A caravan will travel through parts of the Sandhills on Thursday to protest the killing of George Floyd, whose death in police custody has sparked a national outcry.
People participating in the demonstration are encouraged to decorate their vehicles. The protest is being organized by the N.C. Impact Coalition.
Lakisha Womack, a local educator who co-founded the coalition with her relatives Lanisha Bailey, Shirella Horton and Charles Taylor in 2016, said the group felt a caravan would minimize the protestors’ risk of exposure to the coronavirus.
“We want to show the right way to address the issue,” Womack said Monday in a phone interview. “With this being a retirement community, we can’t afford to have COVID-19 run rampant here.”
About 34 percent of Moore County‘s laboratory-confirmed cases of COVID-19 involve residents older than 64, a demographic especially vulnerable to the disease. Dr. Mandy Cohen, secretary of the North Carolina Department of Health and Human Services, during a press conference on Monday said she “fully support(s) the need to peacefully protest” Floyd’s death.
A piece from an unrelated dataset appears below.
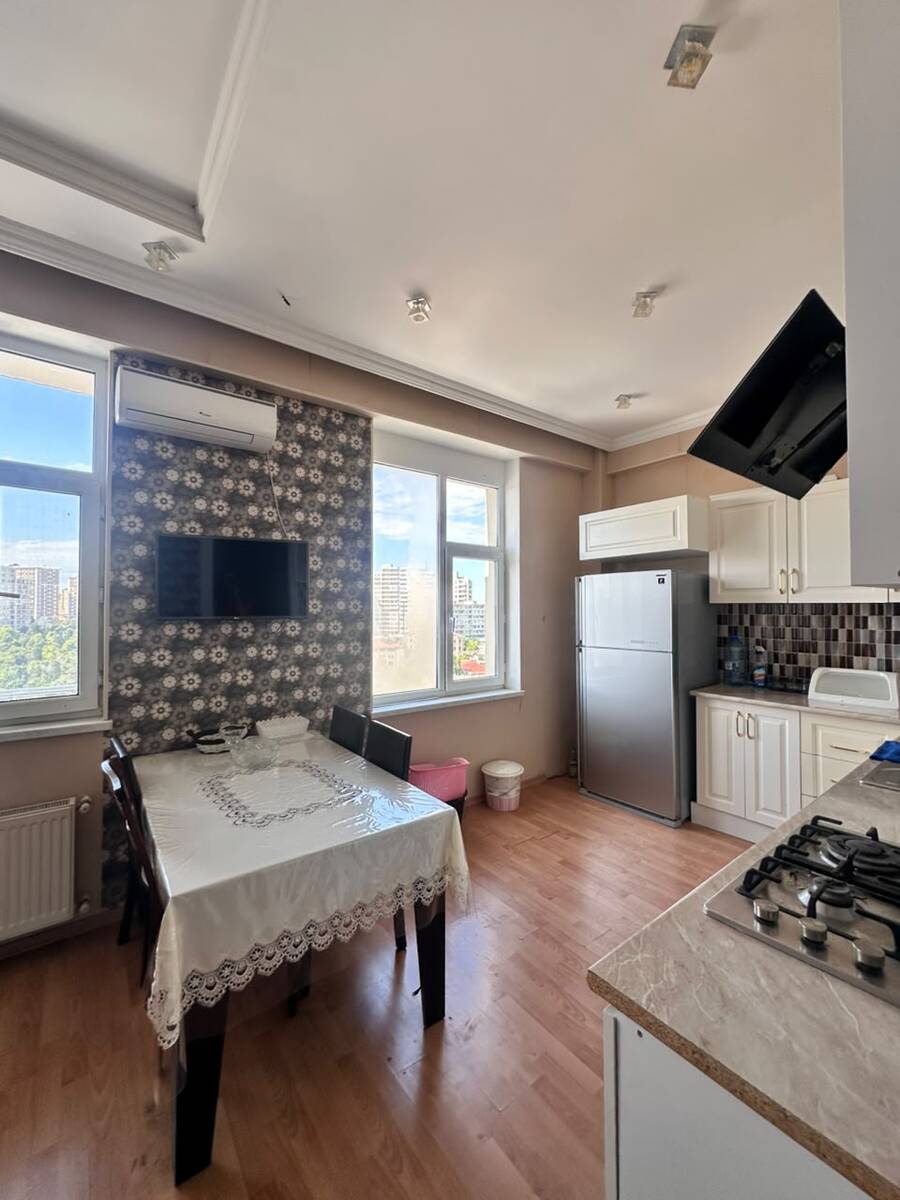 Satılır 3 otaqlı yeni tikili 132 m² — Mənzil, Bakı (12)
Acknowledging the many demonstrations held across the state over the weekend, Cohen said she was “heartened to see that in the midst of such pain, many showed their care for those around them by covering their faces.”
“In North Carolina, African Americans make up an estimated 22 percent of our population, yet account for 34 percent of our COVID-19 deaths,” she said. “Too many families have lost loved ones.”
Protestors will gather beginning at 3:30 p.m. at the National Guard Armory baseball field, located off Morganton Road in Southern Pines. Escorted by members of the Southern Pines, Pinehurst and Aberdeen police departments, the caravan will depart at 4 p.m., merging onto U.S. 15-501 and turning onto N.C. 5 before reconvening at the field, where Womack said representatives for various civic groups will be waiting to share information about their organizations.
“Our goal is for people to join these organizations and to make people aware that this is something that is going on in Moore County,” Womack said. “We also want people to join in on conversations about legislative change.”
Womack said families of individuals killed in altercations with law enforcement through the years are expected to participate in the demonstration. The event comes days after a peaceful protest in response to Floyd’s death was held in the parking lot of Walmart in Aberdeen.